L'occasion était rêvée pour Christian Jacob de demander à François Hollande de «renvoyer les députés devant leurs électeurs», c'est-à-dire de dissoudre l'Assemblée nationale, comme l'a aussi réclamé dans les couloirs le président de l'UDI Jean-Christophe Lagarde. «Vous êtes à la merci de votre majorité (…) Vous ne pilotez plus», a ajouté le patron des députés UMP, pour qui le gouvernement «devrait en toute logique être renversé». Moins sévère, le président du groupe UDI, Philippe Vigier, a affirmé que la majorité est «dans l'impasse», «prisonnière du mensonge originel de François Hollande qui a nié la crise et les efforts qu'il fallait demander aux Français». «Vous prétendez qu'il n'existe pas de majorité alternative à la vôtre. Ce n'est pas la vérité.

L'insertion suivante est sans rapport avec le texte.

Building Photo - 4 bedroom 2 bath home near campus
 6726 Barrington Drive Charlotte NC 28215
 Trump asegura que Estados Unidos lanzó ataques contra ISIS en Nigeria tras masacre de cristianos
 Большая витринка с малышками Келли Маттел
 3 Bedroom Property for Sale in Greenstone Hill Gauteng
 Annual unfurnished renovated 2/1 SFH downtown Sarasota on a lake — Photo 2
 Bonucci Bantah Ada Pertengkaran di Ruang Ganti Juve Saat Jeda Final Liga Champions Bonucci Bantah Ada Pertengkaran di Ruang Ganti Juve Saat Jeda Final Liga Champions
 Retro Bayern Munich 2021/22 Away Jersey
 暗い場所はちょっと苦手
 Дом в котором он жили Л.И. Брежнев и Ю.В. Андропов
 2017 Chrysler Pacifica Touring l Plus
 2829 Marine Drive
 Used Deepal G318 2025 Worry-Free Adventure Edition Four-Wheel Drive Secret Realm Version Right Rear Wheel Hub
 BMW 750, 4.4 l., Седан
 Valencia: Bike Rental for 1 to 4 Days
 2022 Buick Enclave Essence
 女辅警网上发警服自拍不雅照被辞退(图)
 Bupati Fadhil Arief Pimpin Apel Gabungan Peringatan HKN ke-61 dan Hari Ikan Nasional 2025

Sur tous ces bancs, je sais qu'il y a des hommes et des femmes prêts à prendre les décisions vitales et urgentes pour sortir de la crise», a dit le député d'Eure-et-Loir.

Avant le rejet de la motion de censure, Manuel Valls a répondu longuement aux orateurs, affichant sa détermination à réformer «dans le dialogue bien sûr», mais «surtout» avec «l'autorité qui s'impose» et «sans se laisser impressionner». Rendant un nouvel hommage à Emmanuel Macron, le premier ministre a répondu à Christian Jacob: «Il n'y a pas de majorité alternative. Il n'y a qu'une seule majorité élue par les Français (…) Ne remettez pas en cause la légitimité du président de la République.»